# Exercise
In the records that follow, find each line with the word "Hair" and copy it.
------------------------------
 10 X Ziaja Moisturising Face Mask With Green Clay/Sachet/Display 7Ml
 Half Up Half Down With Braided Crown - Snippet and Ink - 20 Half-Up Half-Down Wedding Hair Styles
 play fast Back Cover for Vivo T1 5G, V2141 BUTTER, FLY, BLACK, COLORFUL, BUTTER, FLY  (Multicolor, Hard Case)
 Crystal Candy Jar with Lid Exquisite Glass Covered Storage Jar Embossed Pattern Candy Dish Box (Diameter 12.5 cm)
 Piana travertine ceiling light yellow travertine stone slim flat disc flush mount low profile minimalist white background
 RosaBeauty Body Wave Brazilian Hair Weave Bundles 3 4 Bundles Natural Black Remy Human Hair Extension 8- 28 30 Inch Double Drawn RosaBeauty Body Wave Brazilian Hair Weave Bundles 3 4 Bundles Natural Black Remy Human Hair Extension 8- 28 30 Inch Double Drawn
------------------------------
# Solution below
 Half Up Half Down With Braided Crown - Snippet and Ink - 20 Half-Up Half-Down Wedding Hair Styles
 RosaBeauty Body Wave Brazilian Hair Weave Bundles 3 4 Bundles Natural Black Remy Human Hair Extension 8- 28 30 Inch Double Drawn RosaBeauty Body Wave Brazilian Hair Weave Bundles 3 4 Bundles Natural Black Remy Human Hair Extension 8- 28 30 Inch Double Drawn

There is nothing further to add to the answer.